Our Guides to Happiness

Dozens of new books have been published in the last few years that claim to help us get, keep or understand happiness.

Daniel Nettle, a biological psychologist and author of Happiness: The Science Behind Your Smile, writes that humans are notoriously bad at knowing what will make them happy, so the happiness “scientists” keep writing books to guide us in this pursuit. In The Geography of Bliss: One Grump's Search for the Happiest Places in the World, Eric Weiner comes to the conclusion that happiness isn't about economics or geography. Jennifer Michael Hecht states that the basic modern assumptions about how to be happy are nonsense in The Happiness Myth: Why What We Think Is Right Is Wrong. In Stumbling on Happiness, Harvard professor Daniel Gilbert draws on philosophy and neuroscience to discuss where we go wrong in our pursuit of happiness. And, in Against Happiness: In Praise of Melancholy, Eric Wilson questions the whole idea of striving for happiness.

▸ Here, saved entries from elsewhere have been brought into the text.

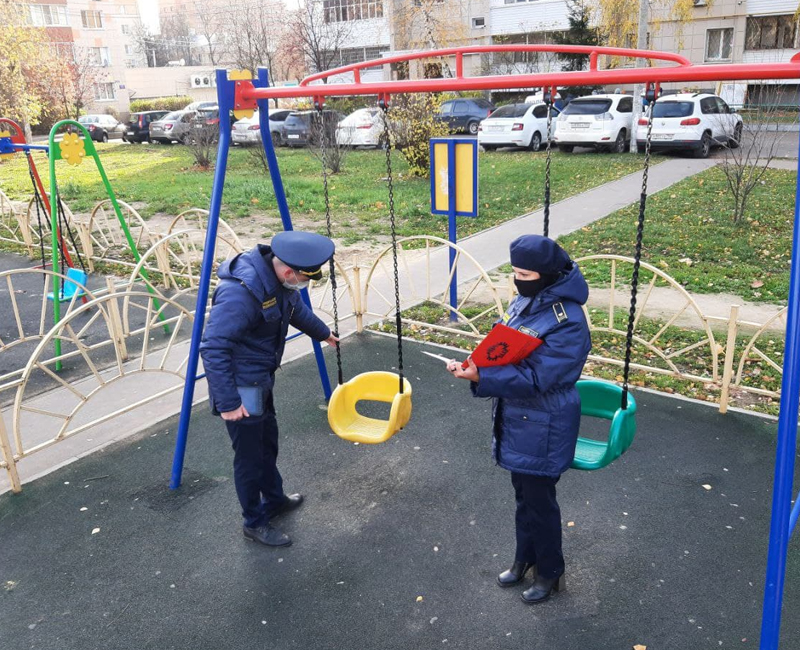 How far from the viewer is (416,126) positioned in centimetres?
1455

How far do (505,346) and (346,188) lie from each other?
12473mm

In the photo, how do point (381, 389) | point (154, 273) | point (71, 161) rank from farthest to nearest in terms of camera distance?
point (154, 273)
point (71, 161)
point (381, 389)

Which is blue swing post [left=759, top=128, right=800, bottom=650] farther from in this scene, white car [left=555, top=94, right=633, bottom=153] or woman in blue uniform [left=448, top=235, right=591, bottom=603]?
white car [left=555, top=94, right=633, bottom=153]

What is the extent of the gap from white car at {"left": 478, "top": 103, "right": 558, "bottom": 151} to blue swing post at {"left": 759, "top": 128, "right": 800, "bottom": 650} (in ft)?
57.5

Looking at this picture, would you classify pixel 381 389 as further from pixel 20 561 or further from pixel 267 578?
pixel 20 561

Other more recent examples of books on happiness include:
The How of Happiness Happiness: Unlocking the Mysteries of Psychological Wealth
Happiness Is an Inside Job
Be Happy Without Being Perfect
Happy for No Reason
Happy at Last: the Thinking Person's Guide to Finding Joy
Reordered Love, Reordered Lives : Learning the Deep Meaning of Happiness

And for the most recent happiness news, several new studies conducted by Todd Kashdan, associate professor of psychology at George Mason University. say that we should just be grateful—it’s the best way to achieve happiness..

1 comment:

Ron Bonnell said...

Happiness is not a destination. It is a method of life. This is a quote by Burton Hills and I firmly believe in it. Yours is a nice blog.